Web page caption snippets
- Opening Delimiter -
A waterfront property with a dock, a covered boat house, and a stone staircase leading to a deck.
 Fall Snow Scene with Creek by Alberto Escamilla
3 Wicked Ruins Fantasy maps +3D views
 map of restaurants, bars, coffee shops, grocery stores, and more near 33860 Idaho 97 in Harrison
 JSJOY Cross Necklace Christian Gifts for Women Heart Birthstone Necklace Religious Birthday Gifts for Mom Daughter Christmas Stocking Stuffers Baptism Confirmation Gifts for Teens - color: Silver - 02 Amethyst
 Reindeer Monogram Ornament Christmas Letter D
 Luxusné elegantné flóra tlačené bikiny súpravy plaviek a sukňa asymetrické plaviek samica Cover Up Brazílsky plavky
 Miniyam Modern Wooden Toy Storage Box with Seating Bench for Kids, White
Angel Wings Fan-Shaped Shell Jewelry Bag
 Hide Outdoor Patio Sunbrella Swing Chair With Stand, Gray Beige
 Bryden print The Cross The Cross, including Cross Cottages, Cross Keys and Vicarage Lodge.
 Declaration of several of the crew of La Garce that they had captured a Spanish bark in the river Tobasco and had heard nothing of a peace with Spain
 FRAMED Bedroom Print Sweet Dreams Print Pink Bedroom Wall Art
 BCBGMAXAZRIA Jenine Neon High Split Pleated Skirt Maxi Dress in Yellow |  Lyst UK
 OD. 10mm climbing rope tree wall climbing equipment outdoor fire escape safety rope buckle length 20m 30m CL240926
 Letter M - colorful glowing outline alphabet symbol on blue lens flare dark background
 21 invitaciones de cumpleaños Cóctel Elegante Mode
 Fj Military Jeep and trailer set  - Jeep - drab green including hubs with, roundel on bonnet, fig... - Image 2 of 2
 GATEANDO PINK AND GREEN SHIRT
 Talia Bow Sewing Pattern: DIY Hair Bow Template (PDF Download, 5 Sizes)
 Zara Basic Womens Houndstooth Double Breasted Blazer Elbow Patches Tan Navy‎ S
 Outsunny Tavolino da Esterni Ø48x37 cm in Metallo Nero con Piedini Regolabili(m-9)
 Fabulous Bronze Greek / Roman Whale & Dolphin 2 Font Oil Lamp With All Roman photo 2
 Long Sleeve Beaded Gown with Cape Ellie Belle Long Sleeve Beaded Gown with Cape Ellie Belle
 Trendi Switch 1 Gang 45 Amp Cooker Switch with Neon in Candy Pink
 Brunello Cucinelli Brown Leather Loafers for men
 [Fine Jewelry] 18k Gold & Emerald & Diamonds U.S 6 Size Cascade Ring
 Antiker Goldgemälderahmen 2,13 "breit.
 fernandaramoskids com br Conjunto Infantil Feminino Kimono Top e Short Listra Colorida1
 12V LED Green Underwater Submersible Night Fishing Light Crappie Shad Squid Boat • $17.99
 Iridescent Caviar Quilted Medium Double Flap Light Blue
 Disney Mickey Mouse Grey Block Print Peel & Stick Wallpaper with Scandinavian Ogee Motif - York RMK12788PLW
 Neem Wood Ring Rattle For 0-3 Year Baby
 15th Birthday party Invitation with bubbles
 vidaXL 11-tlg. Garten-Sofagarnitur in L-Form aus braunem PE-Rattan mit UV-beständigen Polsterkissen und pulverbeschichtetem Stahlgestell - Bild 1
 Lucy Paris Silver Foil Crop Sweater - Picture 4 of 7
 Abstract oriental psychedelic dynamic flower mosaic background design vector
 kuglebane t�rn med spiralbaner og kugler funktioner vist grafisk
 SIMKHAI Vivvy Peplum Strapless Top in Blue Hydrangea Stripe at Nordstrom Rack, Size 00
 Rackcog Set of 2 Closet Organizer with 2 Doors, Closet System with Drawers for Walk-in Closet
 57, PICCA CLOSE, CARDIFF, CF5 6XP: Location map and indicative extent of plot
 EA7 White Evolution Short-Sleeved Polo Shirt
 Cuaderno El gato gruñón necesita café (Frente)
- Closing Delimiter -
**What to work on:** Repeat word for word the lines above that run from the line containing "Hide Outdoor Patio" through the line containing "BCBGMAXAZRIA Jenine Neon", both ends included, and nothing else.

**Your response:**
 Hide Outdoor Patio Sunbrella Swing Chair With Stand, Gray Beige
 Bryden print The Cross The Cross, including Cross Cottages, Cross Keys and Vicarage Lodge.
 Declaration of several of the crew of La Garce that they had captured a Spanish bark in the river Tobasco and had heard nothing of a peace with Spain
 FRAMED Bedroom Print Sweet Dreams Print Pink Bedroom Wall Art
 BCBGMAXAZRIA Jenine Neon High Split Pleated Skirt Maxi Dress in Yellow |  Lyst UK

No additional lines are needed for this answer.